Exercise requirements: Find the line with "More Photos Of" in the data below. Repeat it and every line after it up to the end, exactly, but drop the pictures.

Information supplied:
########

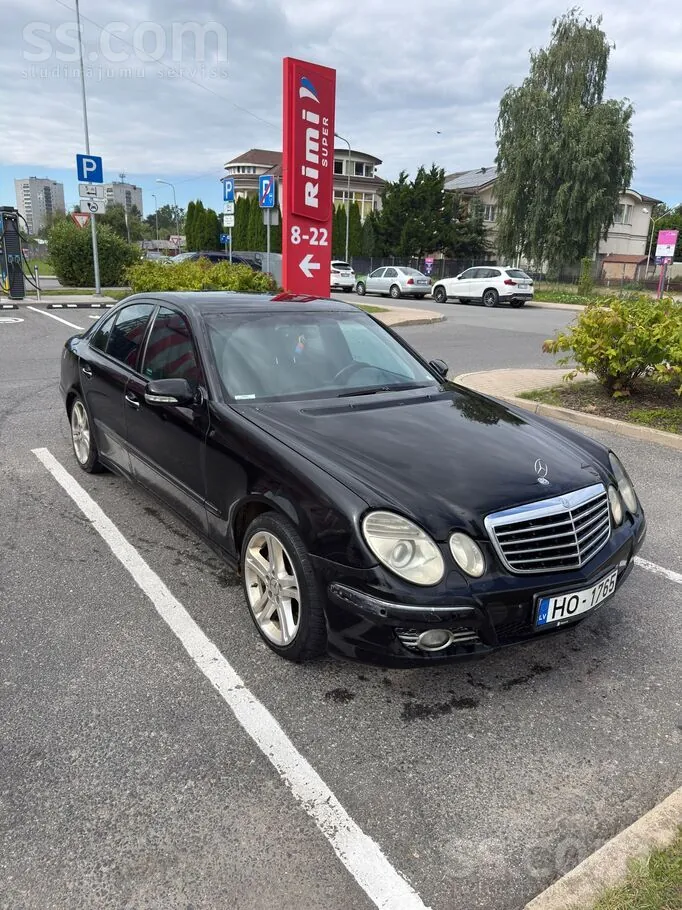 Mercedes-Benz E200 2006 photo 2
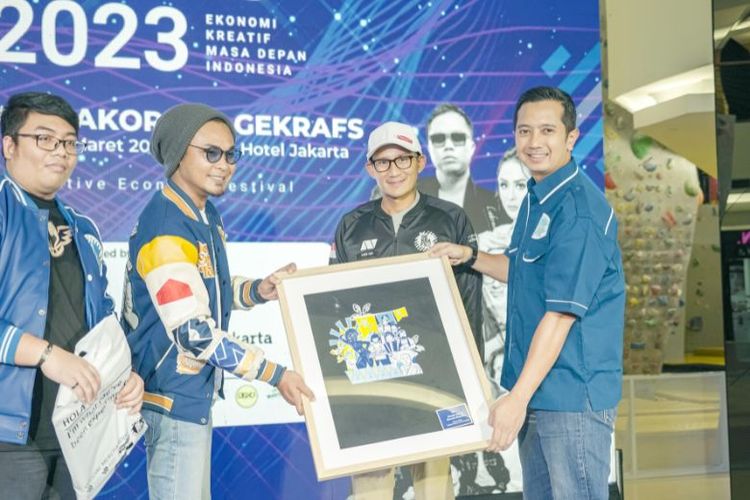 Menparekraf Sandiaga Salahuddin Uno dan CEO Konakami Dobby Lega Putra dalam ICREFS 2023.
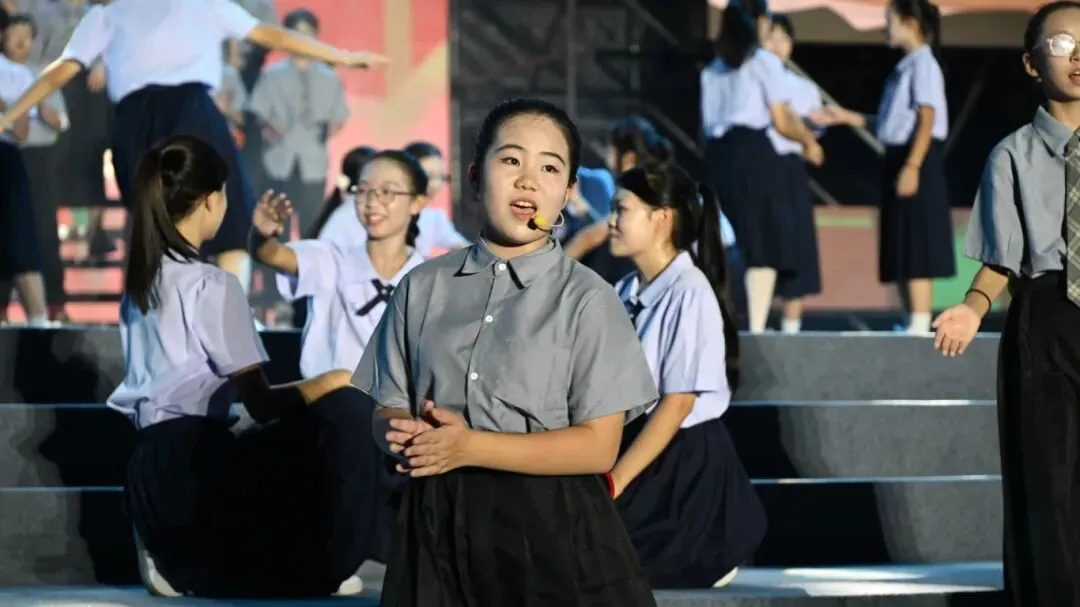【2026暑期欢乐总动员暨中考庆功晚会】-第65张图片-四季读书网 【2026暑期欢乐总动员暨中考庆功晚会】-第65张图片-四季读书网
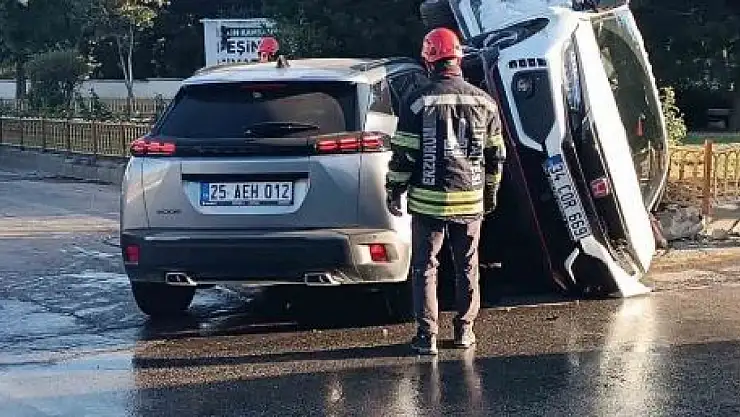 Erzurum'da trafik kazasında itfaiye ekipleri sürücüleri kurtardı, yaralılar hastaneye sevk edildi.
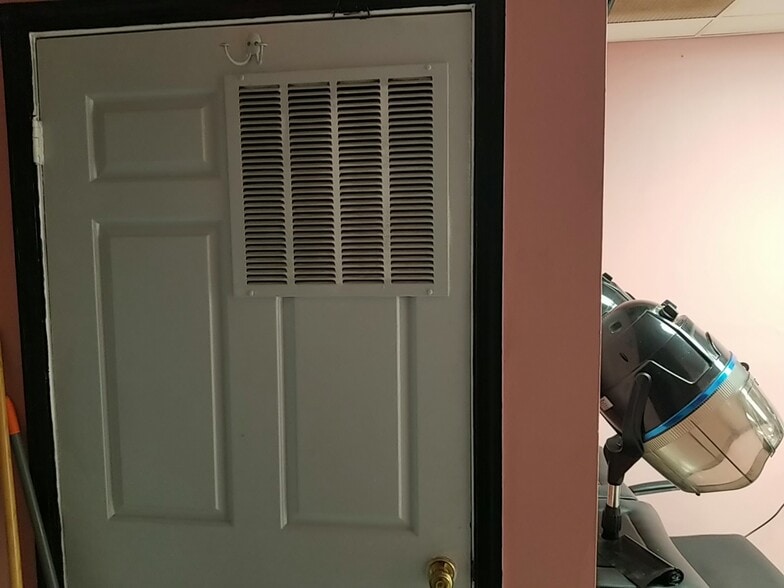 More Photos Of 4700 Stamp Rd, Marlow Heights General Retail For Lease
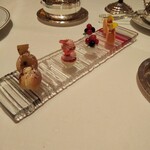 ロオジエ - ミニャルディーズ。出来たてです。フルーツのジュレを挟んだマカロンが特に美味。ジュレのギリギリの緩さや メレンゲのサクサク食感は出来たてでしか楽しません。賞味期限は10分と無いでしょう。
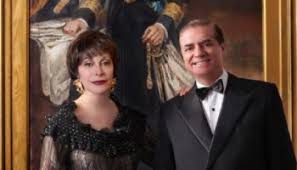 Cei doi pun la cale un scenariu, pe cat de hilar, pe atat de grotesc, pentru a sensibiliza opinia publica si autoritatile. Exclusiv Flux 24 DezvÄƒluiri Picante Despre Paul È™i Lia Lambrino Nasul Tv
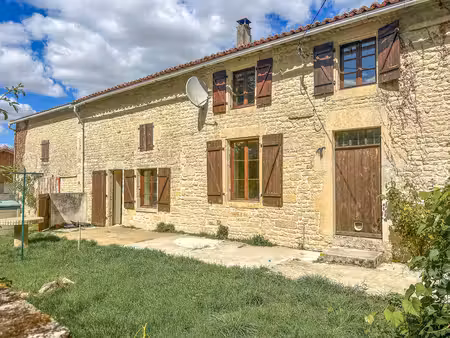 maison à vendre à saint-georges-de-longuepierre (17470) - charente-maritime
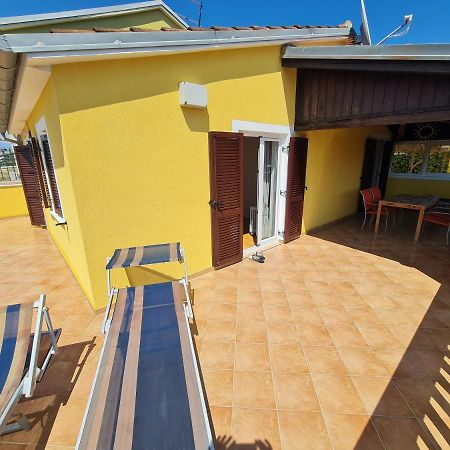 Apartments Kuca Sunce Vodnjan Bagian luar foto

########

Result of this task:
 More Photos Of 4700 Stamp Rd, Marlow Heights General Retail For Lease
 ロオジエ - ミニャルディーズ。出来たてです。フルーツのジュレを挟んだマカロンが特に美味。ジュレのギリギリの緩さや メレンゲのサクサク食感は出来たてでしか楽しません。賞味期限は10分と無いでしょう。
 Cei doi pun la cale un scenariu, pe cat de hilar, pe atat de grotesc, pentru a sensibiliza opinia publica si autoritatile. Exclusiv Flux 24 DezvÄƒluiri Picante Despre Paul È™i Lia Lambrino Nasul Tv
 maison à vendre à saint-georges-de-longuepierre (17470) - charente-maritime
 Apartments Kuca Sunce Vodnjan Bagian luar foto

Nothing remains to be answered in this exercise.